King’s honors include a number of awards from Living Blues Magazine, including Best Blues Artist (2001) and Blues Artist of the Year (2003); an Artist Fellowship from the Alabama State Council on the Arts (2004); and a Druid Arts Award in 2009 from Arts and Humanities Council of Tuscaloosa.

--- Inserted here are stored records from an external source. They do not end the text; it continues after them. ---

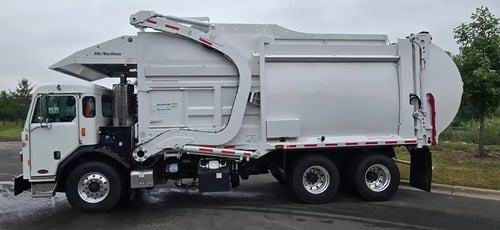 2026 McNeilus Atlantic Commercial 40 yard front loader refuse truck driver side profile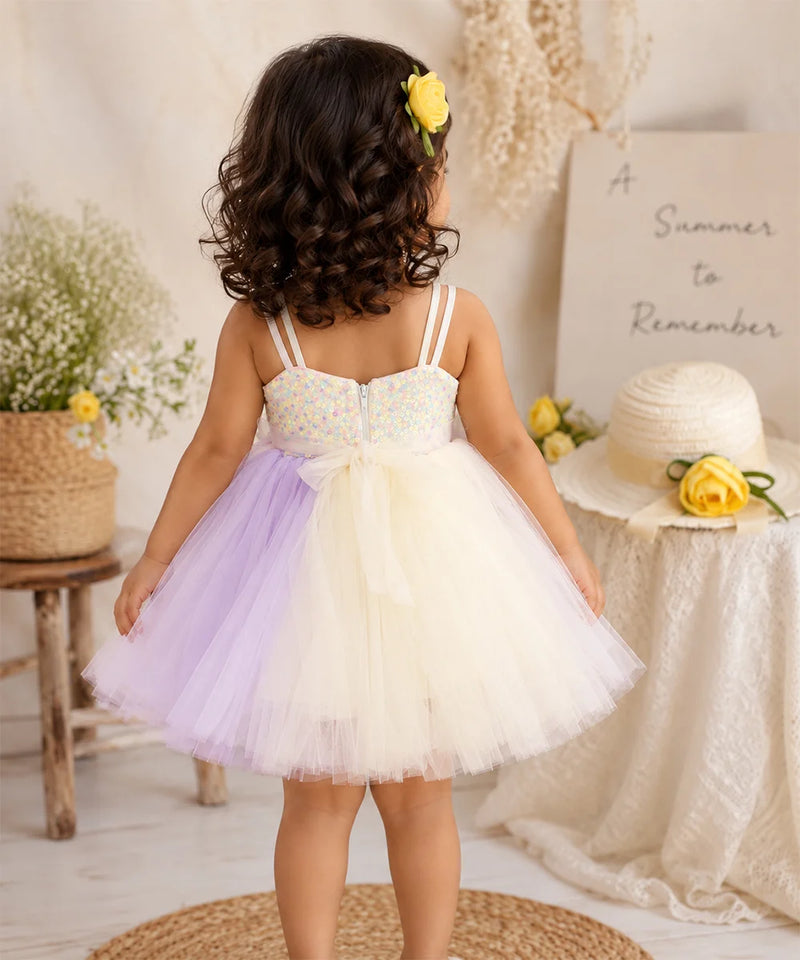 Full A-line flare of lavender and ivory princess-style baby girl frock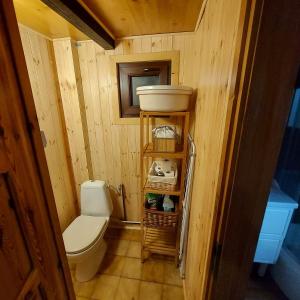 a small bathroom with a toilet and a sink at Zacisze in Uście +24 photos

He was inducted into the Howlin’Wolf Hall of Fame in 2005, by the Howlin’ Wolf Blues Society in West Point, Mississippi, was posthumously awarded the Folk Heritage Award from Alabama State Council on the Arts in 2009, and inducted into the Black Belt Hall of Fame in 2012.

Select Discography

Walkin’ The Walk, Talkin’ The Talk (1999)

Freedom Creek (2000)

I Am The Blues (2000)

Living in a New World (2002)

Jukin’ At Bettie’s (2004)

One Love (2006)

Further Reading

  • Levey, Jay, and Aimee Gillette. Blues Story. DVD. Los Angeles: Shout! Factory, 2003.
  • Rietmeijer, Saskia, and Bart Drolenga. Down In The Woods: The Story of Bluesman Willie King. DVD. Amsterdam: Visible World Films, 2007.